We are given that lines $l_1$ and $l_2$ trisect the line segment AB. This means we need to find two points, $P_1$ and $P_2$, that divide the segment into three equal parts. Let $P_1$ divide AB in the ratio 1:2 and $P_2$ divide AB in the ratio 2:1.

• To find $P_1$, use the section formula with $m = 1$, $n = 2$, $A(5, 0)$ and $B(0, 9)$: $P_1 = \left(\frac{1(0) + 2(5)}{1+2}, \frac{1(9) + 2(0)}{1+2}\right)$ $P_1 = \left(\frac{10}{3}, \frac{9}{3}\right) = \left(\frac{10}{3}, 3\right)$

• To find $P_2$, use the section formula with $m = 2$, $n = 1$, $A(5, 0)$ and $B(0, 9)$: $P_2 = \left(\frac{2(0) + 1(5)}{2+1}, \frac{2(9) + 1(0)}{2+1}\right)$ $P_2 = \left(\frac{5}{3}, \frac{18}{3}\right) = \left(\frac{5}{3}, 6\right)$

These points $P_1$ and $P_2$ are necessary to determine the slopes of $l_1$ and $l_2$, which pass through the origin.

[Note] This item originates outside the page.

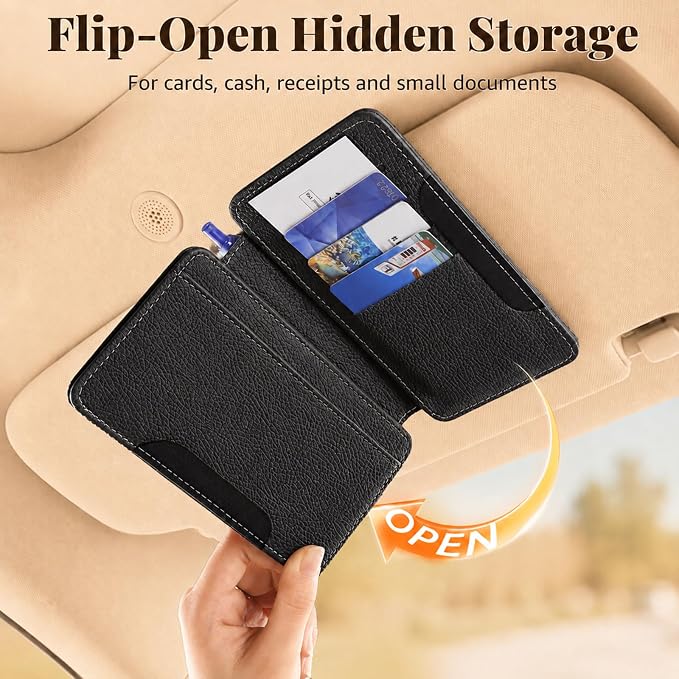 HOLDCY Car Visor Organizer with Registration Holder and Sunglasses Clip | Black PU Faux Leather With Photo Window, Flip-Open Card Storage, Slim Profile And Tool-Free Setup; 1 Piece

Step 3: Calculate the slopes m1 and m2 of lines l1 and l2.

Since $l_1$ and $l_2$ pass through the origin (0, 0) and the trisection points $P_1\left(\frac{10}{3}, 3\right)$ and $P_2\left(\frac{5}{3}, 6\right)$ respectively, we can find their slopes using the formula $m = \frac{y}{x}$.

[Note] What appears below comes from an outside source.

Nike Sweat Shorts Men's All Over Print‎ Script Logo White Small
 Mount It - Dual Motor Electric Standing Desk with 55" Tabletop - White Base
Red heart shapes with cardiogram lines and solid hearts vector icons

• The slope of $l_1$ is: $m_1 = \frac{3}{\frac{10}{3}} = \frac{3 \cdot 3}{10} = \frac{9}{10}$

• The slope of $l_2$ is: $m_2 = \frac{6}{\frac{5}{3}} = \frac{6 \cdot 3}{5} = \frac{18}{5}$

These slopes are needed to find the equation of the line $y = (m_1 + m_2)x$.

Step 4: Calculate the sum of the slopes m1 + m2.

We need to find the sum $m_1 + m_2$ to define the line $y = (m_1 + m_2)x$. $m_1 + m_2 = \frac{9}{10} + \frac{18}{5} = \frac{9}{10} + \frac{36}{10} = \frac{45}{10} = \frac{9}{2}$

Step 5: Determine the equation of the line y = (m1 + m2)x.

Substituting the value of $m_1 + m_2$ into the equation, we get: $y = \frac{9}{2}x$

This equation is required to find the intersection point with line L.

Step 6: Find the point of intersection of the lines 9x + 5y = 45 and y = (9/2)x.

Substitute $y = \frac{9}{2}x$ into the equation $9x + 5y = 45$: $9x + 5\left(\frac{9}{2}x\right) = 45$ $9x + \frac{45}{2}x = 45$ Multiply by 2 to eliminate the fraction: $18x + 45x = 90$ $63x = 90$ $x = \frac{90}{63} = \frac{10}{7}$

Now, substitute $x = \frac{10}{7}$ back into $y = \frac{9}{2}x$: $y = \frac{9}{2} \cdot \frac{10}{7} = \frac{9 \cdot 5}{7} = \frac{45}{7}$

The point of intersection is $\left(\frac{10}{7}, \frac{45}{7}\right)$.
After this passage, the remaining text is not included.